Definition of digital preservation
Digital preservation is the act of ensuring continued findability and access to digital material and maintaining it independently understandable and reusable by a designated community, and with evidence supporting its authenticity, for as long as necessary. Preservation actions include:
- Data cleaning
- Data validation
- Data documentation with descriptive metadata and preservation metadata (e.g. administrative and technical metadata)
- Assigning representational information (e.g. original file or derivatives)

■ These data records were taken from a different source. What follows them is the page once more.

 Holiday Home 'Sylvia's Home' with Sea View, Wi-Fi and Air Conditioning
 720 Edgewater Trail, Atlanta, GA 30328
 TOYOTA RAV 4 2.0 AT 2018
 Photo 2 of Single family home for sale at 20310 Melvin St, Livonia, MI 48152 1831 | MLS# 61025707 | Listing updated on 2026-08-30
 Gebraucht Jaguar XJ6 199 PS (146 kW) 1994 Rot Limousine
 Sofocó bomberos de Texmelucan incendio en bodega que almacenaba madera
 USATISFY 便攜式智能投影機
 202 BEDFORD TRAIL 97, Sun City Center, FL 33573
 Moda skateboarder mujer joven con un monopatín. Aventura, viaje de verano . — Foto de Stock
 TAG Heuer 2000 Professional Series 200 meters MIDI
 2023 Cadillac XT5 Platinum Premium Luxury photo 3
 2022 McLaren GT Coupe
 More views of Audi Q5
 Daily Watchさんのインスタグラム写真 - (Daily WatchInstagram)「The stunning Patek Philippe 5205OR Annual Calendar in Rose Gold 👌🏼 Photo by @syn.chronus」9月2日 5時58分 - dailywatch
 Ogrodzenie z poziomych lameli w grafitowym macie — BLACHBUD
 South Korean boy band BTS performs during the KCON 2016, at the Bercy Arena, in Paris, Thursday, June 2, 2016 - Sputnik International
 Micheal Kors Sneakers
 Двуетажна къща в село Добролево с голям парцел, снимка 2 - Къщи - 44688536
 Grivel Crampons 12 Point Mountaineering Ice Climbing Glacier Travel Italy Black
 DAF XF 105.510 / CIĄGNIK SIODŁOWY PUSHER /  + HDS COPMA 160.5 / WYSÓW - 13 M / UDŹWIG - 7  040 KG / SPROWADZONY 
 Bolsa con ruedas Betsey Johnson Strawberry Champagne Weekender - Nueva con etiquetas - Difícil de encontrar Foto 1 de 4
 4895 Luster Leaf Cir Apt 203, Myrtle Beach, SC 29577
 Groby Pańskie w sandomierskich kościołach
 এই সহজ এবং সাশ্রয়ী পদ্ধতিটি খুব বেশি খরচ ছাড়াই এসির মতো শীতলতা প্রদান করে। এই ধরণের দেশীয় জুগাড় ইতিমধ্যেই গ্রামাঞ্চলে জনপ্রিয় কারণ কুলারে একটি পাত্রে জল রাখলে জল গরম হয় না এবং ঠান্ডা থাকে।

- Ensuring acceptable data structures or file formats
Selection of data to keep
To decide what data to keep, we recommend reading this how-to guide by Angus Whyte. The steps they suggest to make this decision are as follow:
- Step 1: identify reuse purposes that the data could fulfil. It is important to note that researchers depositing data are most likely not the users of the data (neither presently, nor in the future). Data, especially in dark archives, are only used if the data is no longer available in other ways. That means the intended user is probably part of a future designated community. Accordingly, the person deciding what data to keep should take the needs of this future designated community into account as far as possible.
- Step 2: identify data that must be kept considering legal or policy compliance risks, as well as funder requirements.
- Step 3: identify data that should be kept as it may have long-term value.
- Step 4: weigh up the costs and identify any need for external advice in case of shortfall in the budget.
- Step 5: complete the data appraisal, i.e. list what data must, should or could be kept to fulfil which potential reuse purposes and summarise any actions needed to prepare the data for deposit, or justification for not keeping it.
Digitally preserving research data is usually considered the task of institutions and infrastructures. That being said, researchers can prepare their data in a way that facilitates digital preservation:
- Preparing data in a way that facilitates digital preservation
- Documenting data with metadata and context information to ensure reusability over both the short- and long-term.
- Using well-known open formats with published specifications during the project phase.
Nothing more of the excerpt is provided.